#### Exercise aim
Produce a verbatim copy of the data below that contains no pictures.

#### Exercise data
^^^^^^^^^^^^^^^^
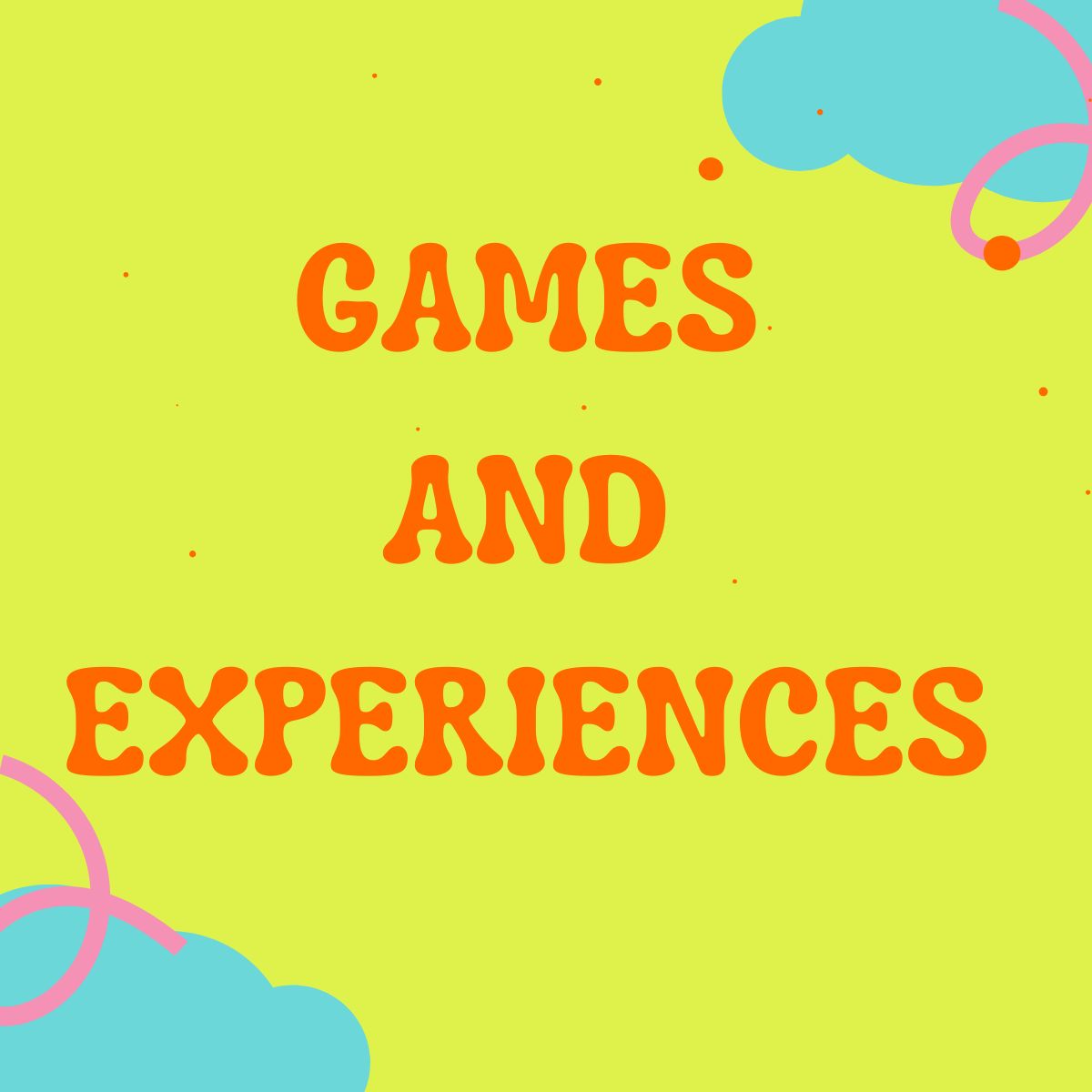 Games and Experience
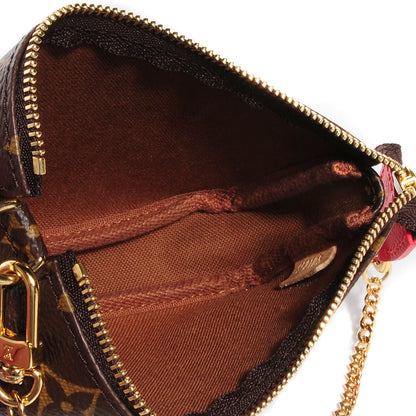 Louis Vuitton Monogram 2015 Christmas Animation Mini Pochette Accessories 6 of 8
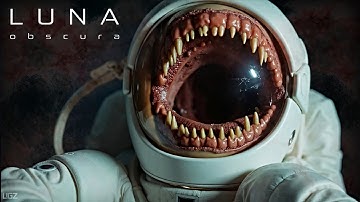 LUNA: Obscura - Surviving Inside a Haunted Moon Base | Psychological Horror Game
^^^^^^^^^^^^^^^^
#### Solution below
 Games and Experience
 Louis Vuitton Monogram 2015 Christmas Animation Mini Pochette Accessories 6 of 8
 LUNA: Obscura - Surviving Inside a Haunted Moon Base | Psychological Horror Game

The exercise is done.